L'État mettra à disposition un certain nombre de moyens. Il a déjà mis en place le portail unique de facturation électronique, Chorus Pro, permettant le transit dématérialisé des factures de nombreux acheteurs publics. À compter du 1er avril prochain, le service Dume sera opérationnel. Dans le cadre de la stratégie de l'État plateforme, les API vont se développer, permettant de relier et d'automatiser les échanges entre les administrations et les partenaires.

Des médiateurs numériques vont être déployés sur le terrain pour accompagner les collectivités.

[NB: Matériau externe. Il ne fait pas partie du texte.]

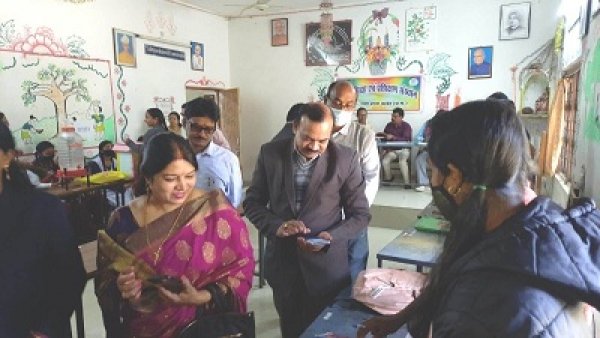 पढ़ाई तुंहर द्वार के तहत बच्चों ने विभिन्न प्रतियोगिताओं में दिखाई कौशल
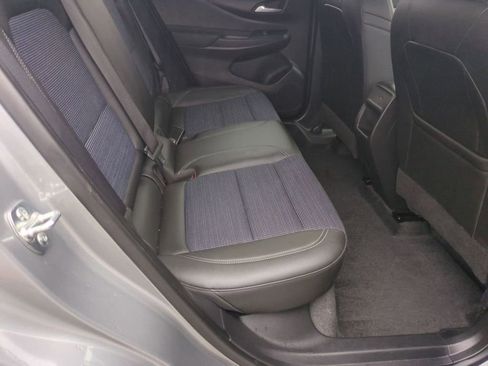 Used 2025 Buick Envista Preferred image 23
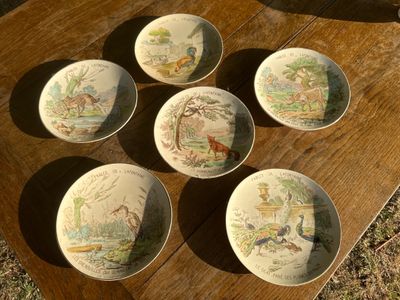 six assiettes posées sur une table en bois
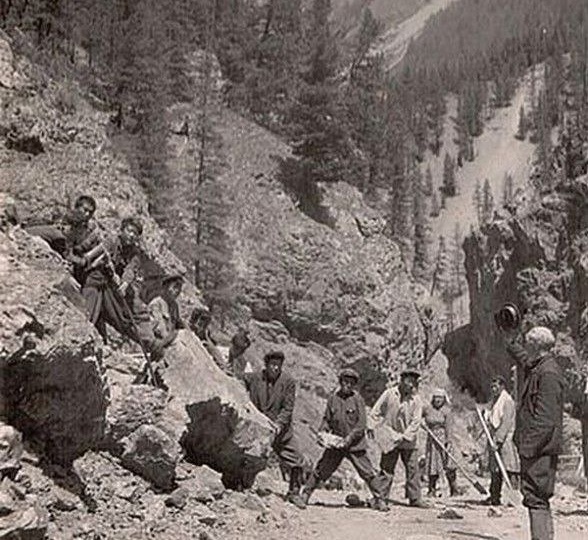 В Улаганском районе Республики Алтай, на стыке Курайского и Айгулакского хребтов, находится одна из самых узнаваемых достопримечательностей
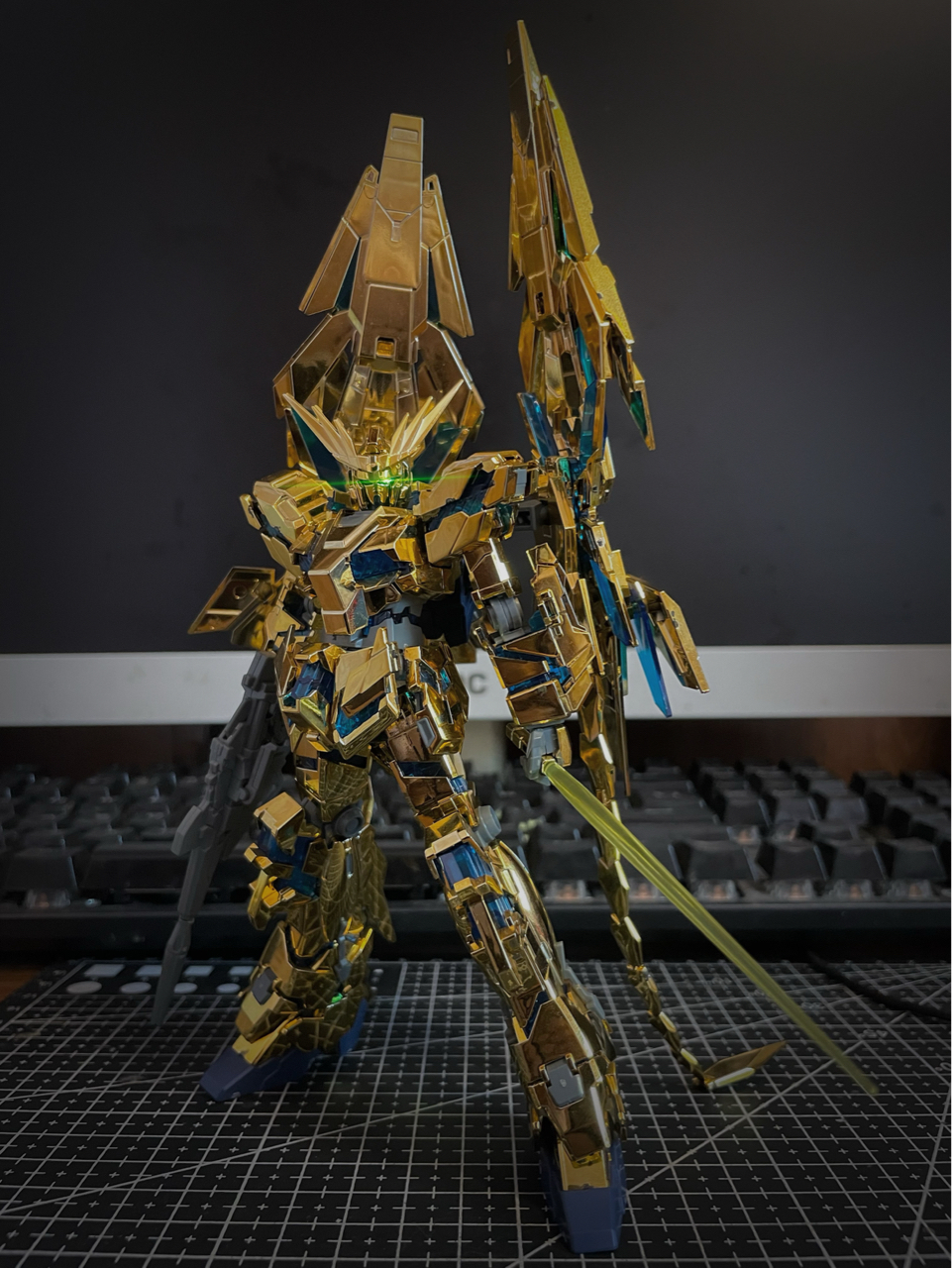 拼装hg菲尼克斯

Quel sera leur rôle ?

La médiation numérique a pour objet de mettre les personnes en capacité de comprendre et de maîtriser les technologies numériques, leurs enjeux et leurs usages. Plusieurs pôles interrégionaux ont été mis en place. Il est sans doute possible de s'appuyer sur ces réseaux, mais cette fonction de médiation s'adresse en priorité aux usages du quotidien. Le plan prévoit, en revanche, l'élaboration d'un contenu de formation reposant sur la mise en commun des ressources. Dans l'idéal, la constitution d'un réseau de référents permettrait de parfaire l'effort de formation et d'accompagner les acheteurs et les entreprises.

Tout le monde n'en est pas au même niveau. Allez-vous vous appuyer sur les pionniers pour faciliter le partage de bonnes pratiques. (région Bretagne, Côte d'Or...) ?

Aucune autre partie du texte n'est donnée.